▸ TASK ITEM
Pictures in the entries below are excluded; copy only the lines from the one containing "Akita Snakeskin Button Skort Skirt | size L" to the one containing "Topshop Womens Red", both included.

-------- INFORMATION PROVIDED

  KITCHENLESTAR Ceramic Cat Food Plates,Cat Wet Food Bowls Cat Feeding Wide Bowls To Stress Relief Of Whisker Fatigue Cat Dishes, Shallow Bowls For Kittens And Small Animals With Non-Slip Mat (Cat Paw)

----------------
-------- INFORMATION PROVIDED

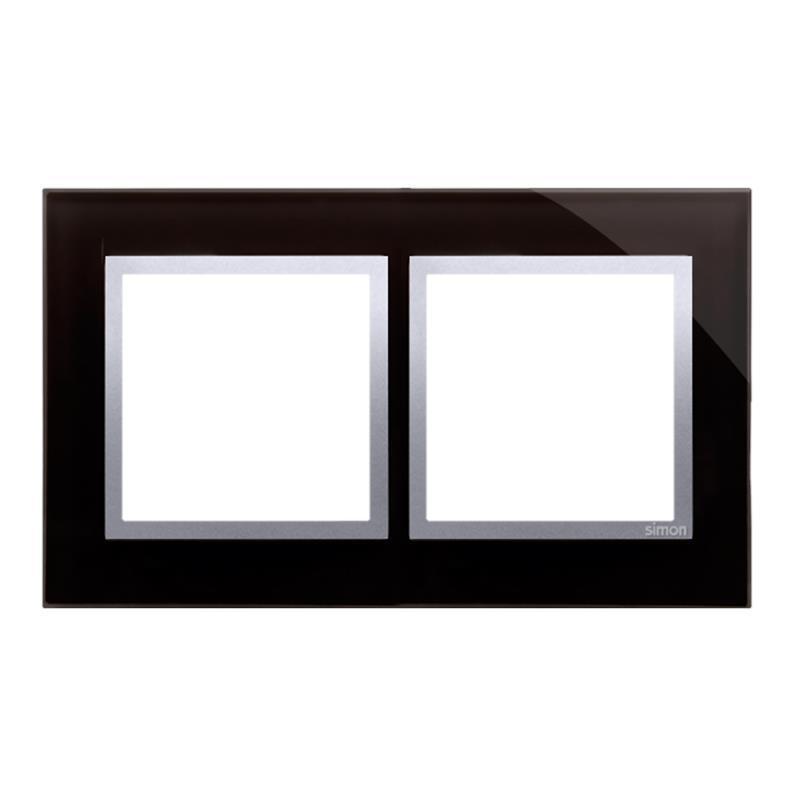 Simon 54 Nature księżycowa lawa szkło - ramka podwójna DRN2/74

----------------
-------- INFORMATION PROVIDED

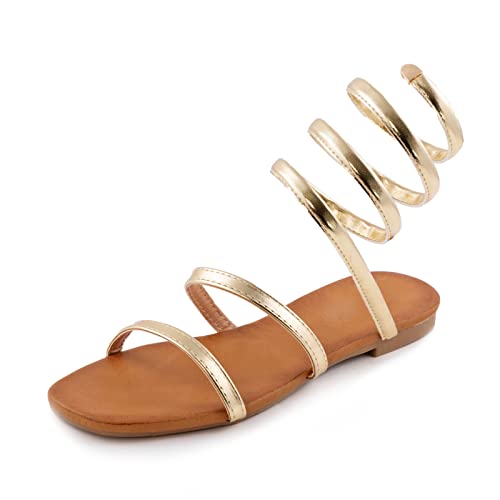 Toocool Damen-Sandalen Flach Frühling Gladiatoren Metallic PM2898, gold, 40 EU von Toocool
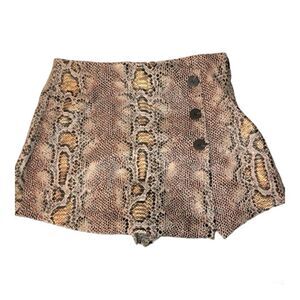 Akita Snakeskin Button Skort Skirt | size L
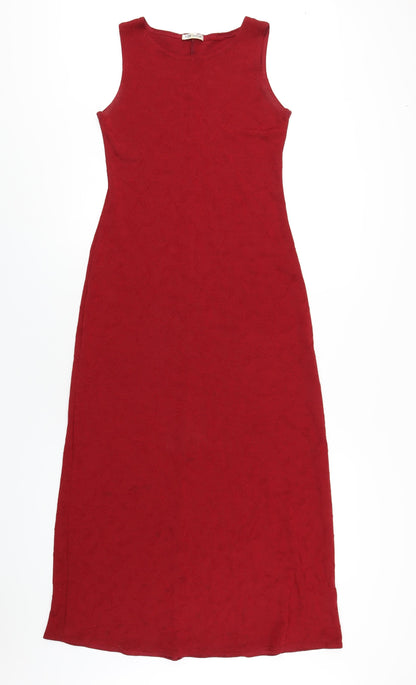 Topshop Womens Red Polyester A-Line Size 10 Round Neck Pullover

----------------

▸ ANSWER BOX
 Akita Snakeskin Button Skort Skirt | size L
 Topshop Womens Red Polyester A-Line Size 10 Round Neck Pullover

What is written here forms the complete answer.